2. It Gave Rise to Glamour (really!)

In the Middle Ages, grammar was considered the most important of the seven liberal arts because it provided the key to understanding the Bible, alchemy, and astrology—subjects that conferred a kind of magical power, or glamour. Yes, “glamour” is derived from “grammar.”

3. Compared to Latin style guides, the AP version’s a joke

The most influential Latin grammar book in history was an 18-volume (18-volume!) anthology called Institutionis Grammaticae. Written by 6th-century scholar Priscian, the series enshrined Latin as the standard by which all other languages were to be measured. For hundreds of years, scholars snubbed Italian as Latin’s bastard son, until the poet Dante took a stand in the 14th century. He wrote The Inferno in Italian—not Latin—and consigned Priscian to the sixth ring of hell.

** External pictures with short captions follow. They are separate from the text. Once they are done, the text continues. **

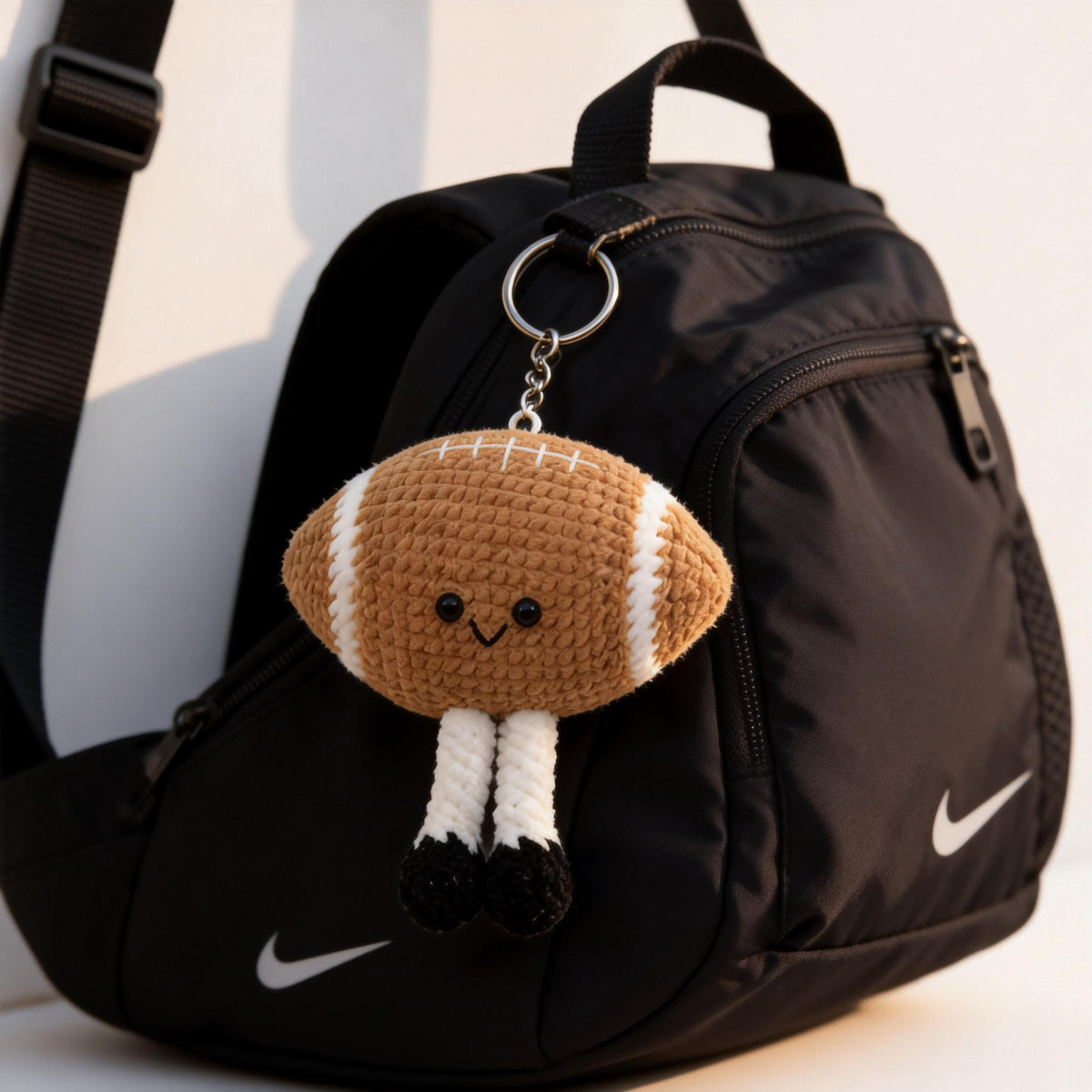 Crochet Football Keychain, Handmade Plush, Sports Gift, Athlete Gift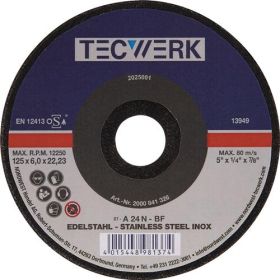 Schruppscheibe INOX D115xS6mm gekr.INOX Bohr.22,23mm TECWERK - VPE: 10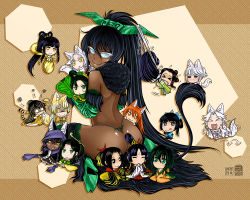 Rule 34 | 6+girls, animal ears, antaria, ass, back tattoo, black eyes, black hair, blue eyes, blush, character request, chi you, chibi, chinese clothes, chinese mythology, chinese text, dark skin, dark-skinned female, closed eyes, hand fan, green eyes, hair ornament, heart, highres, journey to the west, looking back, multiple girls, no pupils, open mouth, smile, tail, tattoo, tie shan gongzhu, tiger tail, tongue, tramp stamp, translation request, yellow eyes, yin yang, yu mian gongzhu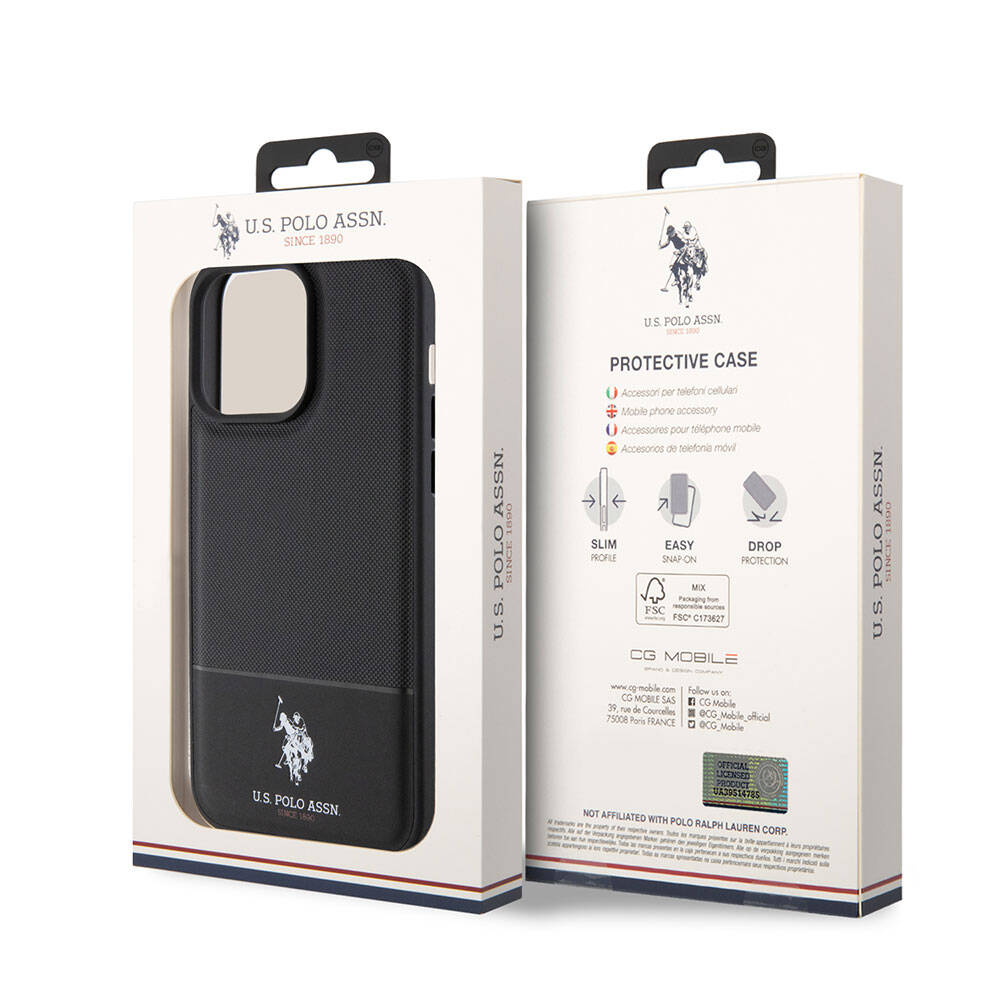 iPhone 15 Pro Max Kılıf U.S. Polo Assn. Orjinal Lisanslı Suni Deri Arka Yüzey Baskı Logolu Örgü Desenli Kapak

4. Our laws don’t all make sense

In the 18th century, the first upwardly mobile professionals happily shelled out for guidebooks on linguistic politeness, and many authors happily wrote them. Trouble was, Latin was still considered the grammar gold standard, so authors applied Latin rules to English, despite the fact that English is a Germanic language. This misunderstanding (and scholarly sloppiness) led to various grammatical rules that still haunt the language today. For instance, don’t end a sentence with a preposition, don’t split an infinitive, and don’t use double negatives. While the first two rules have been decriminalized, the last is still a major offense.

Ed. note: This section was excerpted from Vol 7, Issue 1 of mental_floss. Be sure to pick up copies here.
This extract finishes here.